It is understood this is to be divided equally between 35 flats in the building, which works out at approximately £748 per apartment.
Terry Colthorpe has a one-bedroom, buy-to-let apartment in the block.
He said: “It’s totally unacceptable. Someone needs to be held accountable for this substandard, inappropriate and apparently high-risk cladding.
“The charges are excessive and it’s still quite vague as to who will be responsible for paying for this work.
"It's obviously quite substantial, but I'm not going to pass that on to the person that is renting my accommodation.
"I'm just going to have to incur that cost, unfortunately."
EWS bosses confirmed the increase in a letter to leaseholders.
They wrote: “It is with regret that Orwell Quay has received a significant increase in the renewal premium, and while this is clearly unwelcome, our broker is adamant that given the state of the insurance market and the rates they are seeing for other buildings with cladding issues, that they have achieved the best possible deal available to us.”
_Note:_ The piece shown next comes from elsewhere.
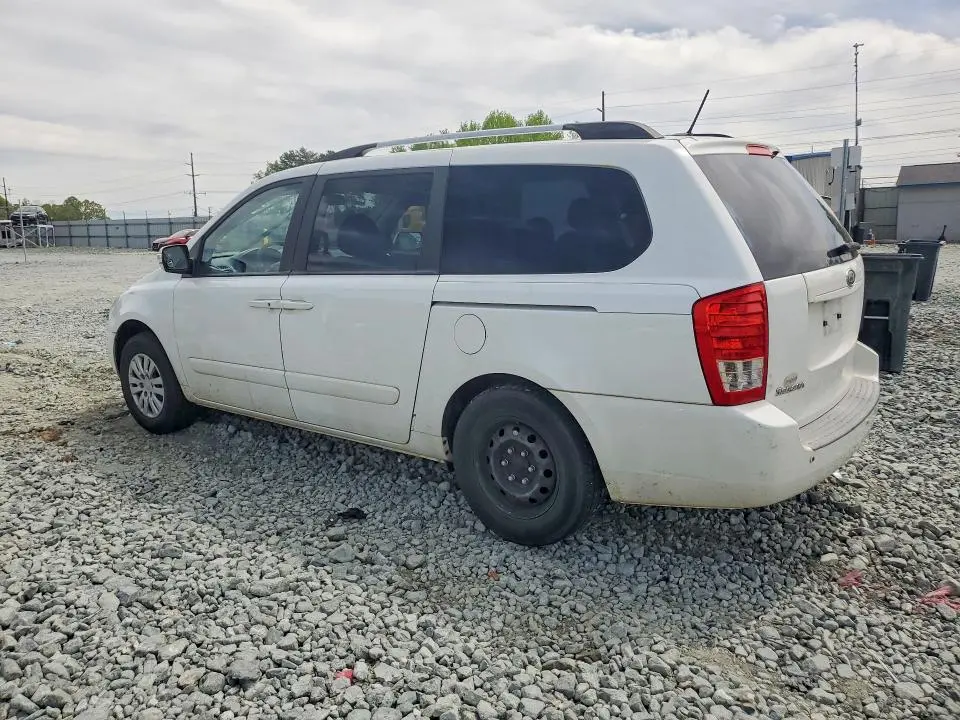 2011 KIA SEDONA LX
A spokesman for the firm told this newspaper the safety of leaseholders and residents is “paramount”.
“EWS have been working closely with owners Orwell Quay Ipswich Management Company Ltd (OQMC) following investigations into the cladding at the development which identified deficiencies,” they added.
“The cladding issues identified have unfortunately resulted in the buildings’ insurance premium increasing across the development.
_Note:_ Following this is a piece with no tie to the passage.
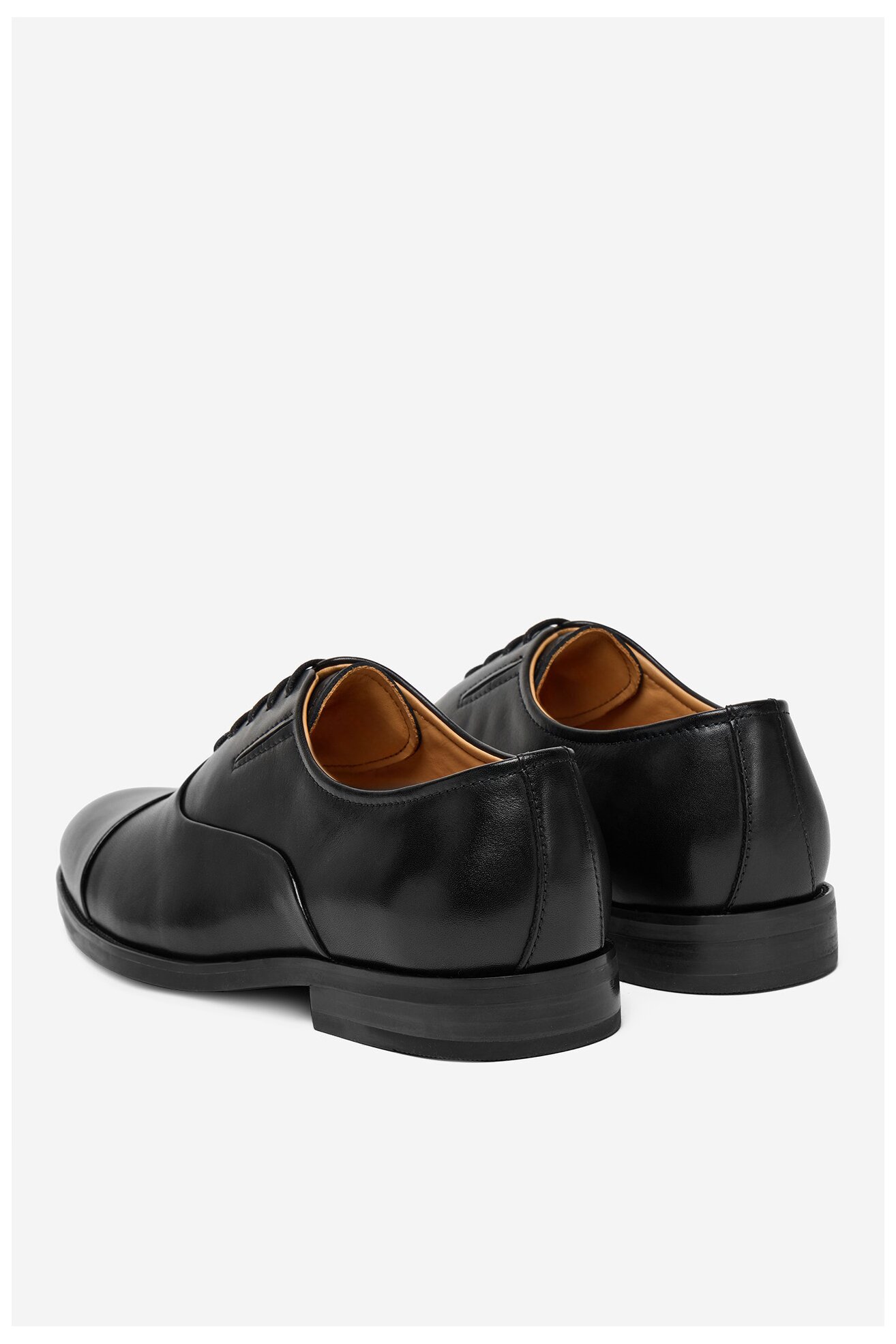 Półbuty Gino Rossi EO-RICCARDO-01 125AM Czarny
“EWS is disappointed that the additional charges have had to be passed to the leaseholders and are not covered by the government scheme, however we understand that this higher premium is expected to only stay in place until the necessary remedial works have been completed.”
Bosses added in their letter to owners that they have pushed Persimmon Homes, the developer, to confirm its commitment to Orwell Quay and that the cladding works will be carried out on all buildings, irrespective of height.
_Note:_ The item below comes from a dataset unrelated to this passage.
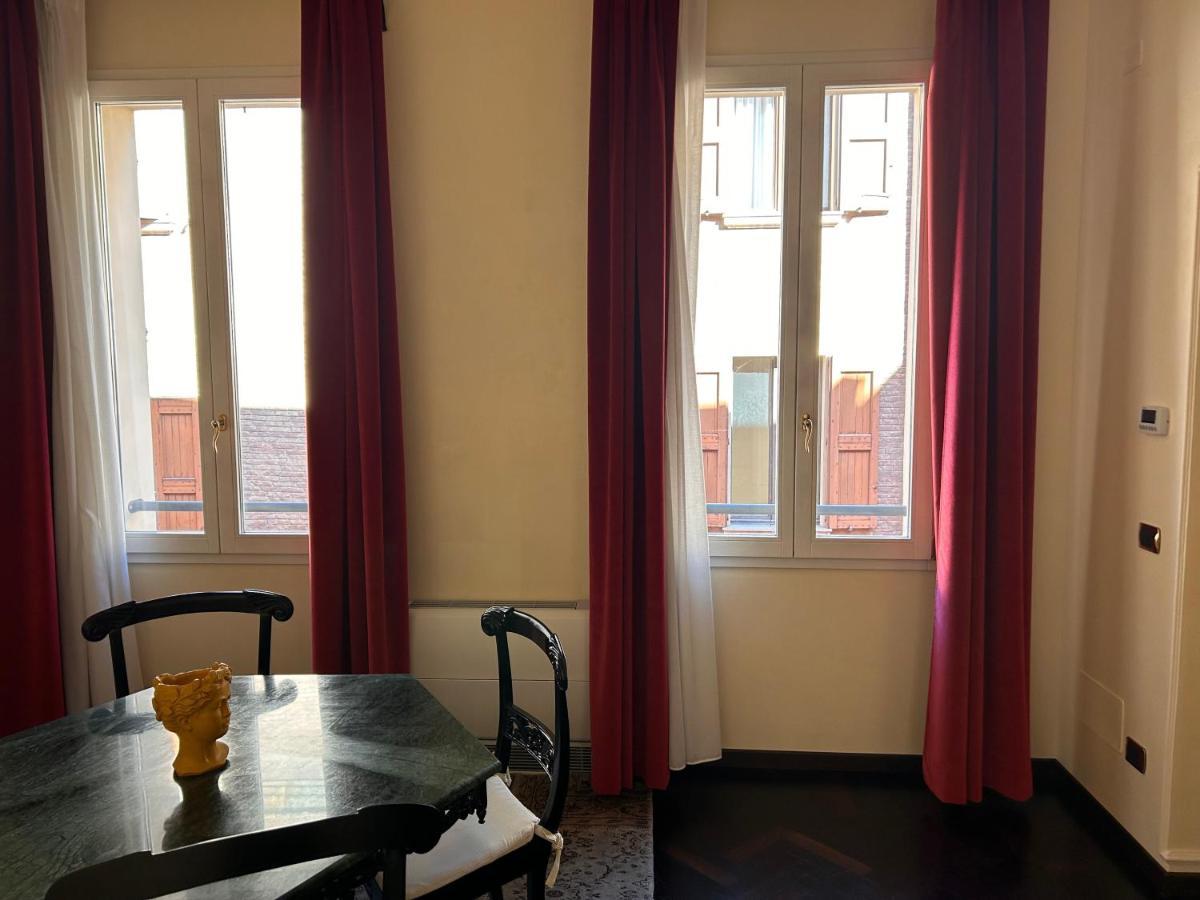 Piazza Maggiore Luxury Apartment Болонья Экстерьер фото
The managing agents also claim to have received a statement from Persimmon confirming they will foot the bill, irrespective of independent warranties or building control inspections/sign-offs.
A spokesman for Persimmon Homes added: “We don’t believe that leaseholders should have to pay for banned cladding removal or any safety issues from the original development that now need addressing.
"Therefore, we are working closely with EWS and providing practical and financial support to ensure the ongoing safety of residents at Orwell Quay.”
Work is expected to start on the buildings in early August 2021, according to EWS chiefs and last for around six months.
Are residents safe?
EWS’ letter adds that it wants all works to be carried out at the same time, to help resolve issues with people selling flats and to give “peace of mind” about the safety of the building.
Despite the deficiencies, the managing agents told leaseholders that a fire safety audit carried out by Suffolk Fire and Rescue Service is currently ongoing, with the service “confirming their confidence in the compartmentation of the building so far”.
The block’s ‘stay put’ policy, where residents are recommended to stay in their apartments in the event of a fire, can remain in place as detection devices inside the flats would provide “adequate warning of fire” to allow the fire service to attend.
“That, in conjunction with other fire precautions, would not present an extreme risk to residents in the event of a fire,” EWS bosses added, but they did recommend residents should not use barbecues or smoke on balconies.
This is not the first Waterfront development to be impacted by insufficient cladding and fire safety problems.
Cardinal Lofts was inspected last year and leaseholders asked to foot the bill, while The Mill also has flaws in its cladding.
Closer to town, St Francis Tower residents last week told how they felt "suffocated" by new plastic shrinkwrap in place while cladding is repaired.